Complex projects like Guix need a variety of contributions, not just code. Guix's web site needs visual designers who have great taste, and certainly a better sense of colour than mine! We need documentation writers to provide the variety of articles and how-tos that we've seen users asking for in the comments. The list goes on!
Unsurprisingly, Guix is code heavy with 60% of contributors focusing in this area, but it's great to see that there are people contributing across the project. Perhaps there's a role you can play? ... yes, you reading this post!
Paid vs unpaid contribution
FOSS projects exist on a continuum of paid and unpaid contribution. Many projects are wholly built by volunteers. Equally, there are many large and complex projects where the reality is that they're built by paid developers — after all, everyone needs to eat!
To explore this area the survey then asked (Q24), Are you paid to contribute to Guix?
The results show:
Table 24: Contributor compensation
Type of compensation
Count
Percentage
I'm an unpaid volunteer
328
94%
I'm partially paid to work on Guix (e.g. part of my employment or a small grant)
19
5%
I'm full-time paid to work on Guix
1
0.3%
No answer
7
N/A
We can see this as Figure 16 :
Figure 16: Guix developer compensation
Some thoughts:
Guix is a volunteer driven project.
The best way to work on Guix professionally is to find a way to make it part of your employment.
For everyone involved in the project the fact that the majority of contributors are doing it in their spare time has to be factored into everything we do, and how we treat each other.
Previous contributors
Ensuring contributors continue to be excited and active in the project is important for it's health. Ultimately, fewer developers means less can be done. In volunteer projects there's always natural churn as contributor's lives change. But, fixing any issues that discourages contributors is important for maintaining a healthy project.
Question 25 was targeted at the 59 participants who identified themselves as Previous Contributors. It asked, You previously contributed to Guix, but stopped, why did you stop?
The detailed results are:
Table 25: Previous contributor analysis
Category
Count
Percentage of Previous Contributors
External circumstances (e.g. other priorities, not enough time, etc)
28
35%
Response to contributions was slow and/or reviews arduous
12
15%
The contribution process (e.g. email and patch flow)
11
14%
Developing in Guix/Guile was too difficult (e.g. REPL/developer tooling)
6
8%
Guix speed and performance
3
4%
Project co-ordination, decision making and governance
2
3%
Lack of appreciation, acknowledgement and/or loneliness
2
3%
Negative interactions with other contributors (i.e. conflict)
2
3%
Burnt out from contributing to Guix
2
3%
Learning Guix internals was too complex (e.g. poor documentation)
1
1%
Social pressure of doing reviews and/or turning down contributions
1
1%
Other
10
13%
Figure 17 shows this graphically:
Figure 17: Reasons for ceasing to contribute to Guix
There were 80 answers from the 59 participants so some participants chose more than one reason.

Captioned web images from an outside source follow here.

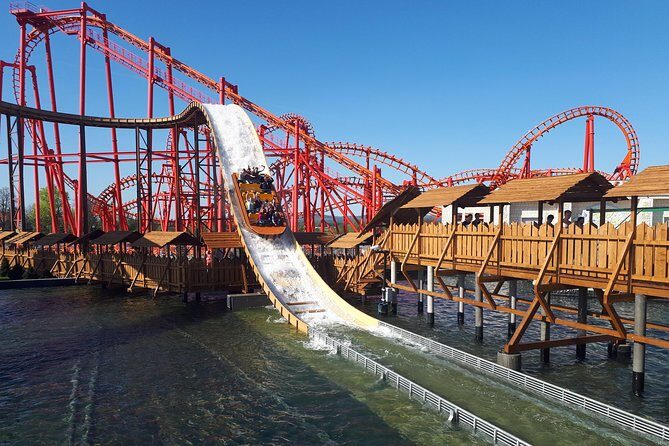 Energylandia Amusement Park from Krakow (Private) - Introduction: What to Expect from the Energylandia Private Tour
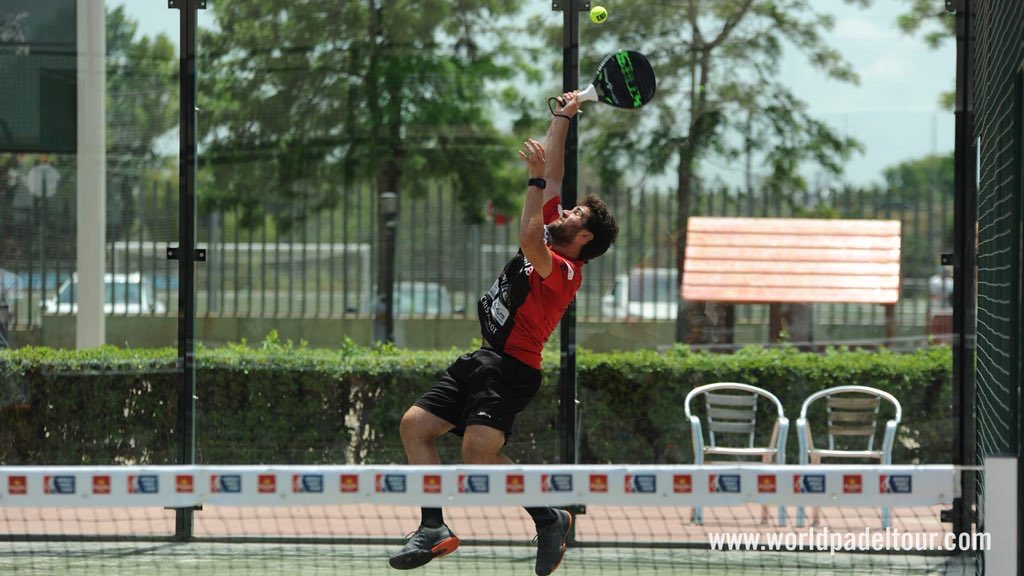Es muy facil☝️ si lo piensas📌En #padeldelocos  😎 ow.ly/doFR30jwLcs #gracias a  <a href="/Creaerte/">Creaerte</a>  #crearparacreer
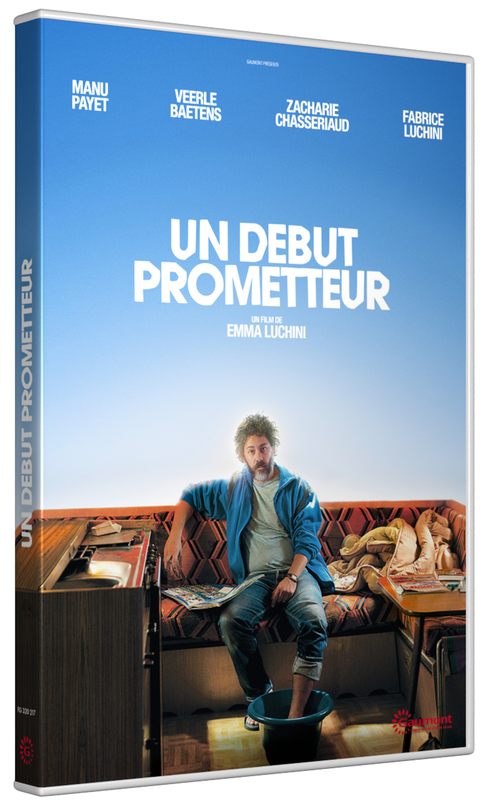 DVD Un Début prometteur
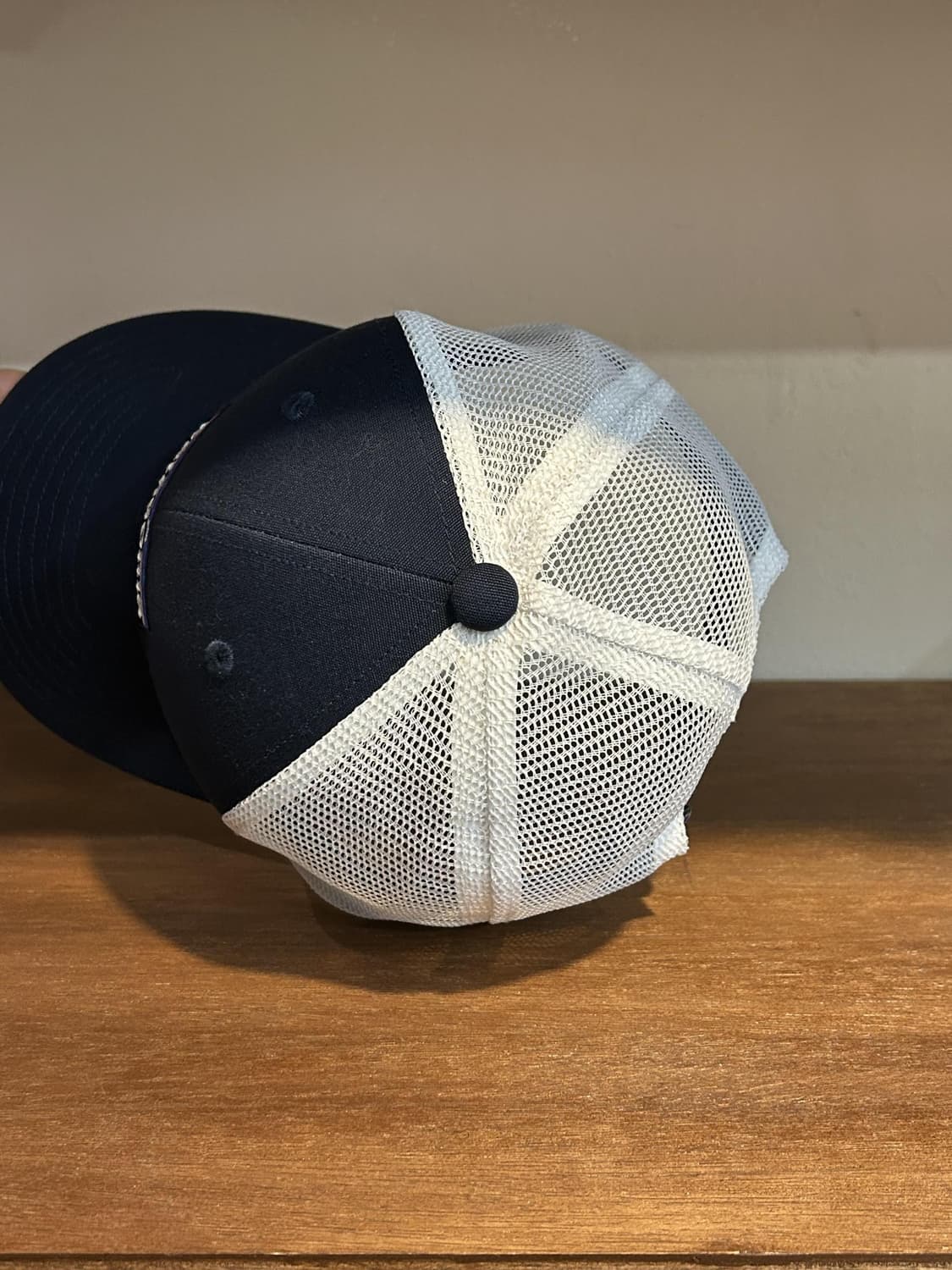 파타고니아 P-6 로고 트러커 캡 상품이미지7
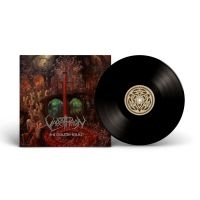 Varathron - Crimson Temple The (Vinyl Lp) in der Gruppe VINYL / Hårdrock bei Bengans Skivbutik AB (5509306)
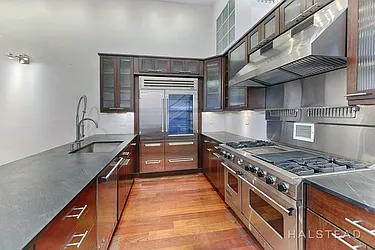 Sold by Halstead Real Estate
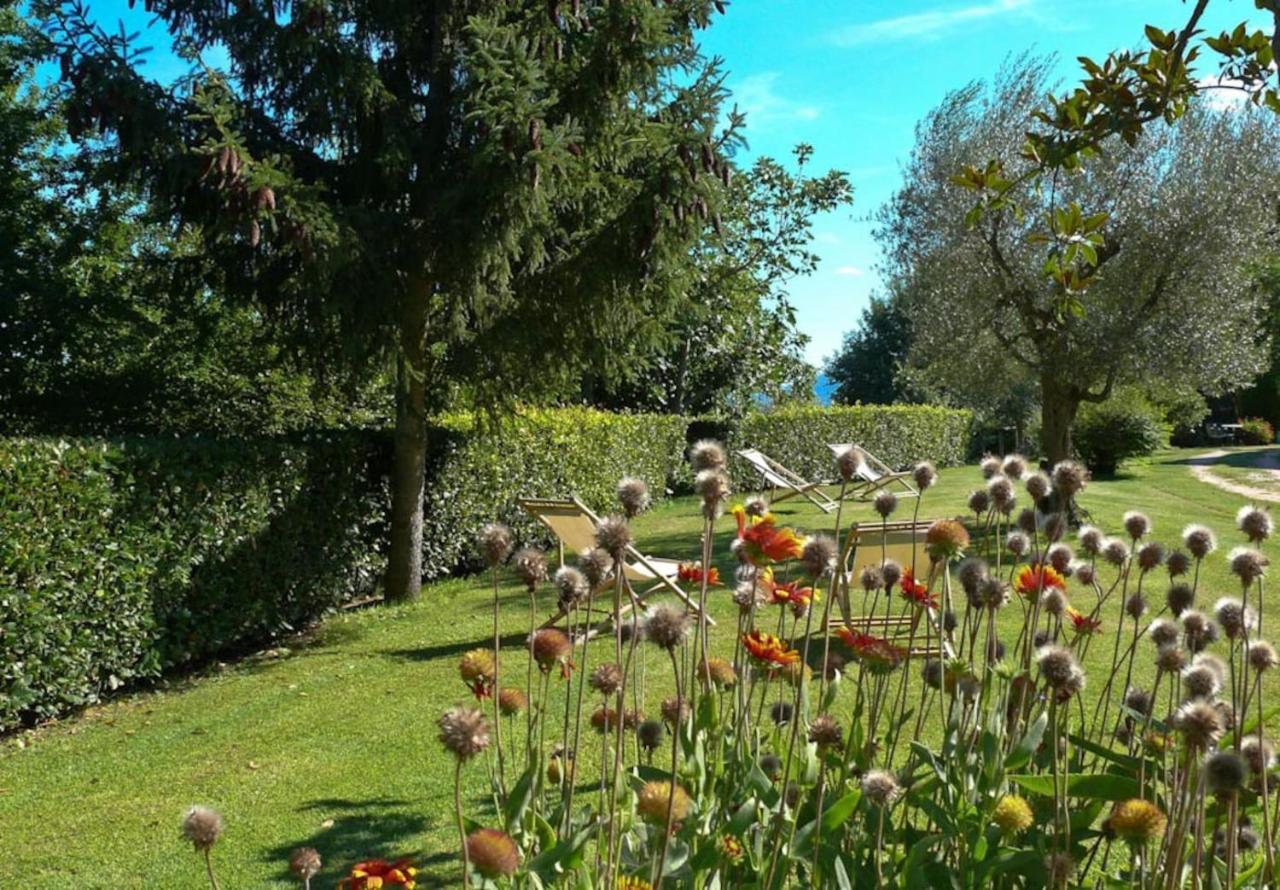Poggio Vaccaio Casa Alba Διαμέρισμα Binami Εξωτερικό φωτογραφία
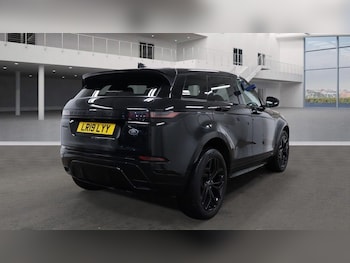 Used Land Rover Range Rover Evoque 2019 for sale - 76482124: Photo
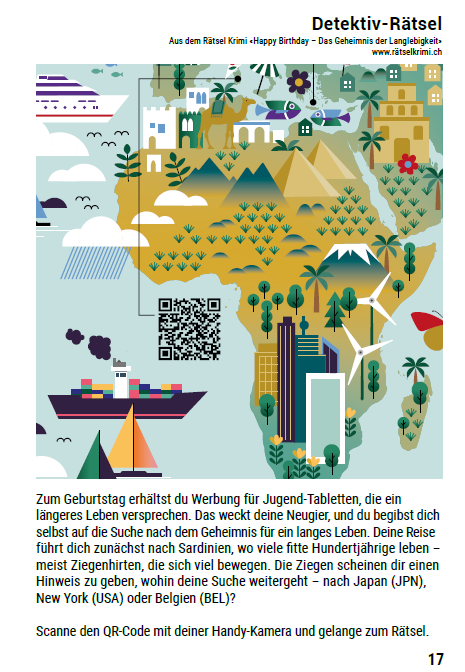 Rätselheft Akte hellgrün_Musterseite 3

As we can see a change in external circumstances was the biggest reason and to be expected.
The next reason was Response to contributions was slow and/or reviews arduous, as we'll see this repeatedly showed-up as the biggest issue.
Next was The contribution process (e.g. email and patch flow) which also appears in many comments. Judging by the comments the email and patch flow may be a gateway factor that puts-off potential contributors from starting. There's no way for the survey to determine this as it only covers people that started contributing and then stopped, but the comments are interesting.
Future contributions
Q26 asked contributors to grade their likelihood of contributing further, this is essentially a satisfaction score.
The question was, If you currently contribute patches to Guix, how likely are you to do so in the future?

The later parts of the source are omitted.